On Friday afternoon, Jim Hanley, the commissioner of the Office of Labor Relations, told the Municipal Labor Committee that there was no place else for the City to turn to cover its projected $1.7 billion shortfall in fiscal year 2004, but to the City's employees. He presented suggestions on how we could give back this money.
The Municipal Labor Committee decided to give careful consideration to its response. It is mindful that though the Mayor is hoping to play the civil servants against the citizenry, he is also needful of finding several hundred millions in funds.
Follow this story in future newslines, in the press and on the radio. You may wish to tell your public officials how much you appreciate the attack on those people who keep this City running, even during major catastrophes.
On a happier note, the City has provided us with the initial list of OSA members who are due the lump sum Drug Rider Reimbursements . The City agreed to this in January 2001, but never moved to make the payments. The City has pleaded press of business and maintained that it was very difficult to do. In desperation, OSA offered to send out the checks itself.
We are in the process of checking their list carefully to see if anyone has been left off, and then will have to reconcile errors with the City. OSA is pretty sure it will not take us two years to get this done, but, having gotten the data only in the last few days, OSA is also not ready to set the date for mailing. We do advise members who are not getting OSA mailings to call and make sure we have a correct address on file.
The OSA Welfare Fund concluded agreement with Davis Vision to manage the OSA optical benefit.
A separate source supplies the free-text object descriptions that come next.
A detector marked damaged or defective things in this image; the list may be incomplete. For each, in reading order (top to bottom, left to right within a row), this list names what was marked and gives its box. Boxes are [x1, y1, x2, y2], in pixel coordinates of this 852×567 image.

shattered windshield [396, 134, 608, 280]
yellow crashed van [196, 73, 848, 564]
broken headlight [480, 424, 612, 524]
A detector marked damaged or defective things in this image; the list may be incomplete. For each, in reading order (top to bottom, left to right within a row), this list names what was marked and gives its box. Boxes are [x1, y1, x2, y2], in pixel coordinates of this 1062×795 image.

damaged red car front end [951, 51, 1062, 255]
We have had an unsatisfactory stint with National Vision Administrators, which was unable to live up to the service standards which our members had previously enjoyed with Davis.
The new optical benefit year (and plan) will begin on March 1, and the actual benefit will be considerably enhanced. You will receive a mailing in February which will explain how to use the Davis Vision plan. Please read it carefully.
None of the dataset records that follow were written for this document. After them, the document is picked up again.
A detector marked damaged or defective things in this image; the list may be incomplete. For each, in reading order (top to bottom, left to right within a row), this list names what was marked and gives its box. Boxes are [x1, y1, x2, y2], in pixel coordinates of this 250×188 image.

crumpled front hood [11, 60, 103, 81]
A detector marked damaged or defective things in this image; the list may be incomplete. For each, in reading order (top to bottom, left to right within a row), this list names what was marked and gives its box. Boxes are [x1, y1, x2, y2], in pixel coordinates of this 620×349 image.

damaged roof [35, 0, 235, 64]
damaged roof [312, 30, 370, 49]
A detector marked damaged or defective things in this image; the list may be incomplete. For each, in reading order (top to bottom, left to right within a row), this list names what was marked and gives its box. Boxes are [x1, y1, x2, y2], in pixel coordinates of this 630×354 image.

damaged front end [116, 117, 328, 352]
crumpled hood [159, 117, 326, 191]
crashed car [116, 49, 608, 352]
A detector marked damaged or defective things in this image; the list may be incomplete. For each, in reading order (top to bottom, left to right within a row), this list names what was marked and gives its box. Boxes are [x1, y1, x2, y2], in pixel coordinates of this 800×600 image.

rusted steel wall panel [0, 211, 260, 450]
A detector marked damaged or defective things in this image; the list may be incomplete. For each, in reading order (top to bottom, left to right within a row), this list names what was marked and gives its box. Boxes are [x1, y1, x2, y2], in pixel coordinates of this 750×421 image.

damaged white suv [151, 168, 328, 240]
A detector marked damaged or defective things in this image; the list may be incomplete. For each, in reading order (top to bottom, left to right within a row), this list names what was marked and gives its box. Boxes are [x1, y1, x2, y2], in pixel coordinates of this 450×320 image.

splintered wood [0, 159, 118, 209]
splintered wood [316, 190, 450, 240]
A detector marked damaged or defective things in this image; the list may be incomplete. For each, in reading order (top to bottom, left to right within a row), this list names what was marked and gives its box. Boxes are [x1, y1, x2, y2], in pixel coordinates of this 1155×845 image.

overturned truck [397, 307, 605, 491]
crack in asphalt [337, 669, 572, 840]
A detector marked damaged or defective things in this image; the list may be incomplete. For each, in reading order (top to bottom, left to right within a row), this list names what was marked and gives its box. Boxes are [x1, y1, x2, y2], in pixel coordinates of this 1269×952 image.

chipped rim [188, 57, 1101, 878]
Davis now has providers over a vast area. To get you started you will get a list of providers in Manhattan and some of the surrounding area. You will be able to get, from Davis, a customized list of providers near your home, your office, or even your mother's house. You can also use the DavisVision website – www.davisvision.com – for a complete list of providers. This plan is the same plan offered by the Management Benefit Fund. Once again it starts on March the 1st.
Calendar Announcements.The OSARC meeting for February has been postponed to February 19th. The Union office is closed February 12th in honor of Abraham Lincoln.
The OSA LaborFilms series will show "The Killing Floor" on February 21st, in the evening in the OSA meeting hall.
OSA's African-American History month celebration is being planned for March 7th.
If you have unused ETO and Annual leave, the Grievance department suggests that now is the time to check your balances, and prepare your requests for the extension or carryover of these credits . Each year there is a flood of problems when the new Fiscal year looms and the unwary and unprepared find that their Agency has turned their "excess" leave into sick leave.